It really doesn't matter here, in specific, if he is misrepresented. He came up with the "invisible hand" concept and he didn't consider its shadow/consequences. He shouldn't be personally faulted for it, he was just one man sharing his thinking a long time ago. Living people are to blame for not correcting for these shortcomings enough. I learned that it would have been best to have just said laissez-faire capitalism instead of invoking his name.
> He came up with the "invisible hand" concept and he didn't consider its shadow/consequences
Smith wrote about the political economy. He absolutely considered the balance between public and market interests. Most people talking about The Wealth of Nations have never read it.
You’ll not find “the invisible hand” in wealth of nations as a major concept. It was a throw away phrase that wasn’t a central part of his writing.
So many Smith apologists. I don't believe he should be demonized, and perhaps I am guilty of this by mentioning his name and 'satanic' in the same sentence, but he decidedly should not be lionized either. So many are drunk with history and shirk the work to evolve and transcend it. It doesn't matter if Adam Smith had morality and consideration, those are not ideals his writing ultimately bred, what matters are the free market ideals he clearly encouraged long ago, are now wildly out of control.
He described a natural process, he didn't invent it.

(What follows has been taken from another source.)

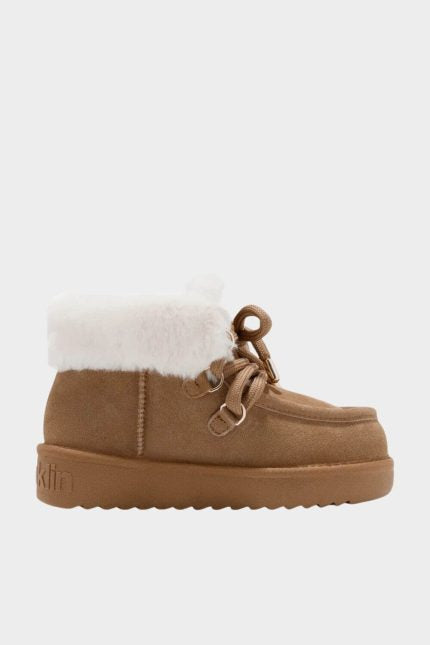D.Franklin Nordic Μποτάκι Mid Fur Tan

The invisible hand in markets is a natural property with an effect that's dependent on the environment the market operates within. He may be the first person to describe the process in writing (that we know of), but human beings have been experiencing the effects of this since we first attempted to trade with one another.
It doesn't matter whether you've misrepresented him? It doesn't matter whether the ideas you cite to him are ones that he actually held?
Are there any cases where truth matters to you? I hope that this is just a rare exception, but I struggle to see how it's a principled one in any way.
Anyhow, I guess I can't stop you. "Do what thou wilt", indeed.